Load and validate all configuration files. Configs are immutable and will be logged with each job for reproducibility.


In [2]:
# !pip install azureml-mlflow --quiet

In [3]:
import os
from pathlib import Path
from typing import Dict, Any

from azure.ai.ml import MLClient
from azure.identity import DefaultAzureCredential
from dotenv import load_dotenv

# Ensure we can import the orchestration package from src/
import sys
sys.path.append(str((Path("..") / "src").resolve()))

from shared.yaml_utils import load_yaml
from orchestration.config_loader import (
    ExperimentConfig,
    create_config_metadata,
    load_all_configs,
    load_experiment_config,
    compute_config_hashes,
    snapshot_configs,
    validate_config_immutability,
)


env_path = Path("../config.env")
if env_path.exists():
    load_dotenv(env_path)


In [4]:
# Helper utilities to work with experiment stages and AML experiment names

def get_stage_config(stage_name: str) -> Dict[str, Any]:
    """Return stage configuration from the experiment YAML (or empty dict)."""
    return getattr(experiment_config, "stages", {}).get(stage_name, {}) or {}


def build_aml_experiment_name(stage_name: str, backbone: str | None = None) -> str:
    """Derive AML experiment name from stage config and optional backbone.

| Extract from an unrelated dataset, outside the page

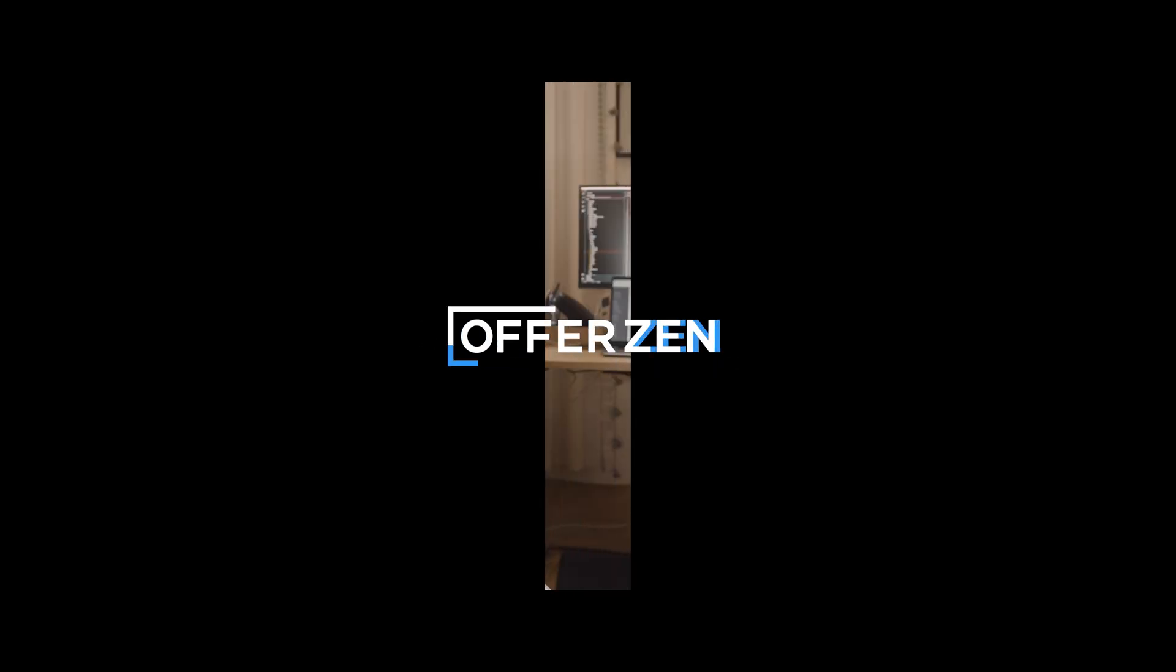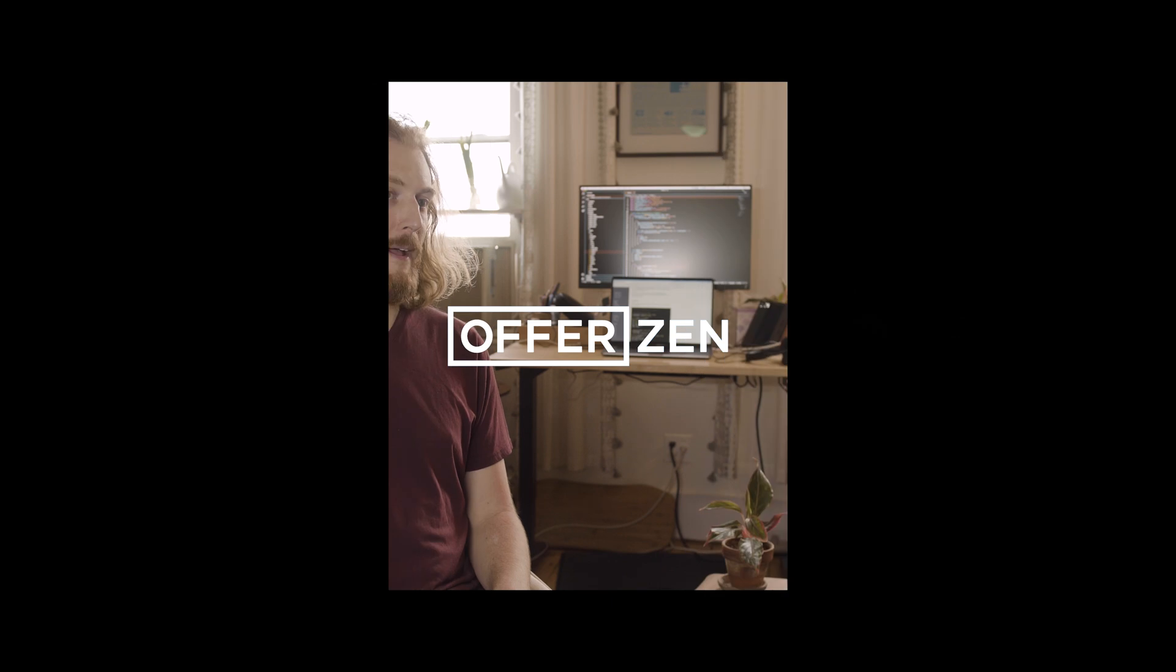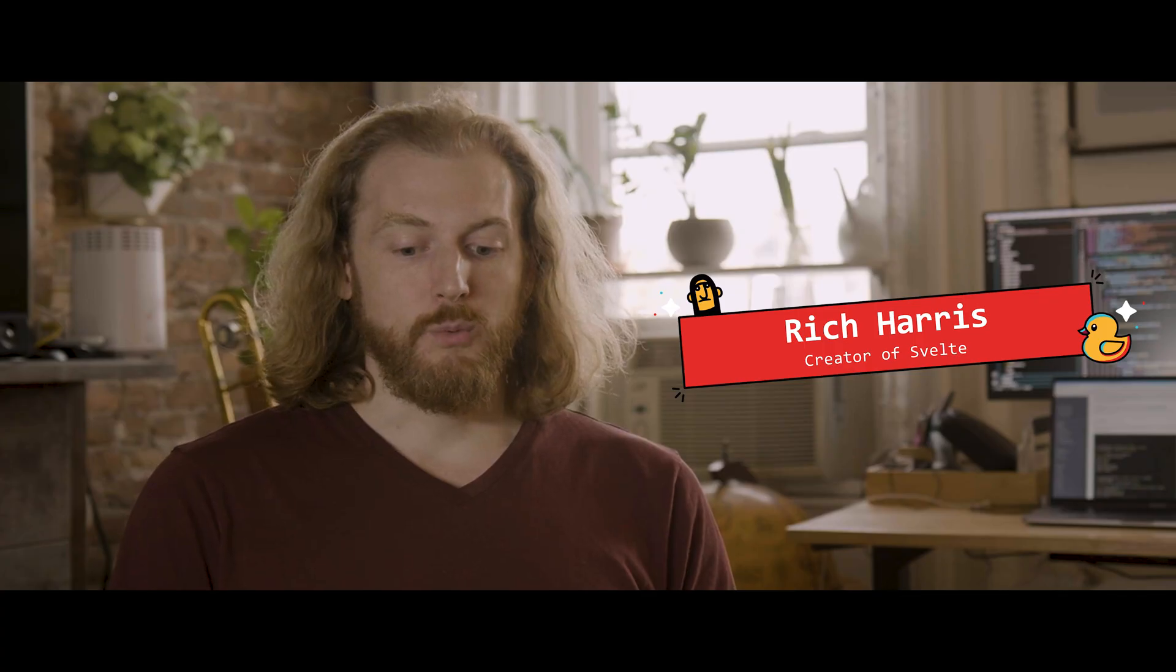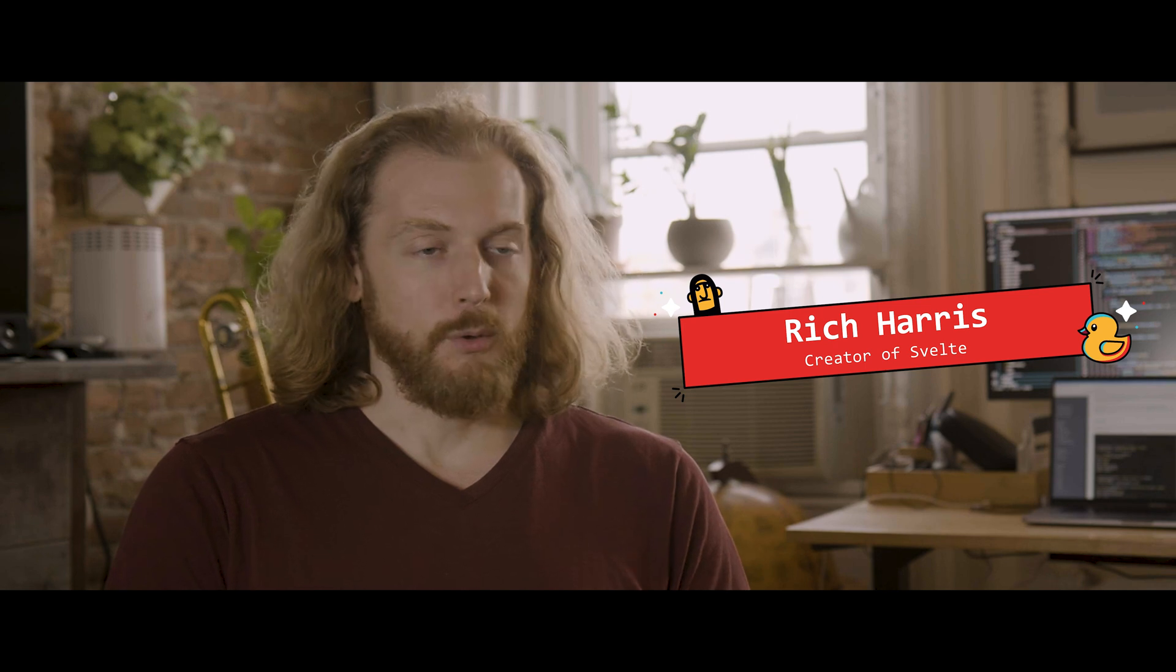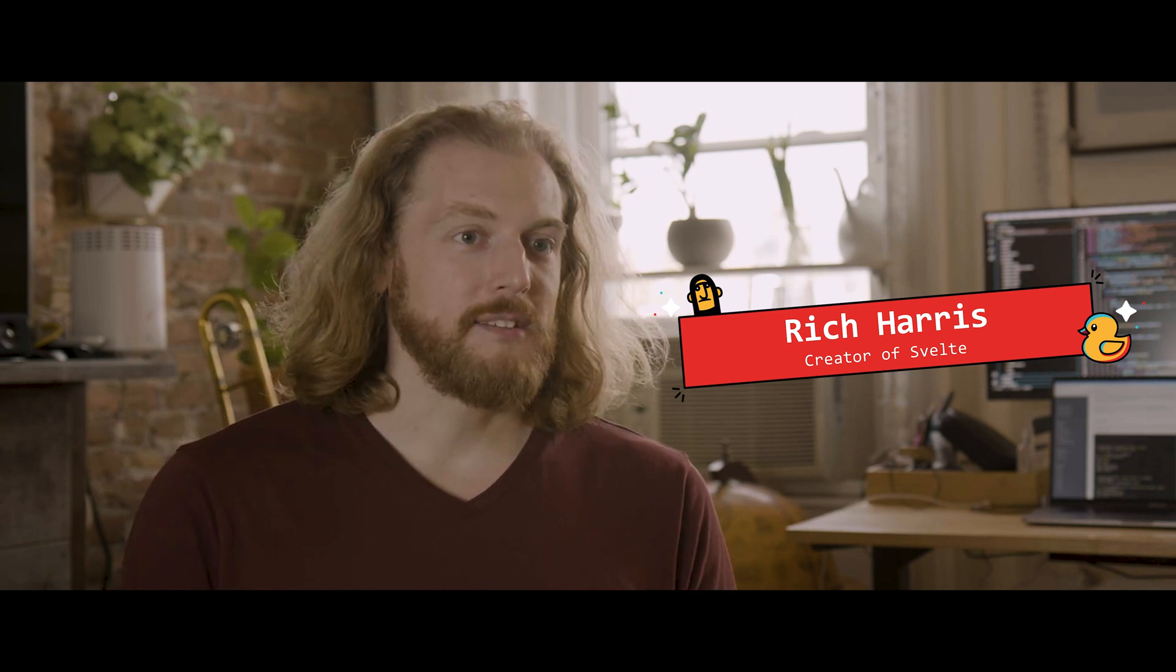When I started doing visual journalism, the tooling available to programmers wasn't as good as it is today. There just wasn't as much stuff. It was hard, really hard to write these rich, interactive applications. And so with all of the naivety of youth, I thought I can solve this.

    Falls back to the legacy ``configs['env']['logging']['experiment_name']``
    if the stage configuration is missing.
    """
    stage_cfg = get_stage_config(stage_name)
    base_name = stage_cfg.get("aml_experiment") or configs["env"]["logging"]["experiment_name"]

    naming_cfg = getattr(experiment_config, "naming", {}) or {}
    include_backbone = bool(naming_cfg.get("include_backbone_in_experiment", False))

    if include_backbone and backbone:
        return f"{base_name}-{backbone}"
    return base_name



In [5]:
CONFIG_DIR = Path("../config")

# Experiment selection (switch to try different data/model/HPO/env combos)
EXPERIMENT_NAME = "resume_ner_baseline"

# Resolve experiment-level config into concrete file paths
experiment_config: ExperimentConfig = load_experiment_config(CONFIG_DIR, EXPERIMENT_NAME)
configs = load_all_configs(experiment_config)
config_hashes = compute_config_hashes(configs)

# Immutable snapshots for runtime mutation checks
original_configs = snapshot_configs(configs)


In [6]:
# Reuse shared immutability validator from orchestration package
validate_config_immutability(configs, original_configs)


In [7]:
def get_workspace_name() -> str:
    """Get workspace name from configuration files.

    Order of precedence:
    1. ``config/infrastructure.yaml`` (``workspace.name``)
    2. ``config/env/azure.yaml`` (``workspace.name`` under ``env`` config)
    """
    infrastructure_config_path = Path("../config/infrastructure.yaml")
    if infrastructure_config_path.exists():
        infrastructure_config = load_yaml(infrastructure_config_path)
        return infrastructure_config["workspace"]["name"]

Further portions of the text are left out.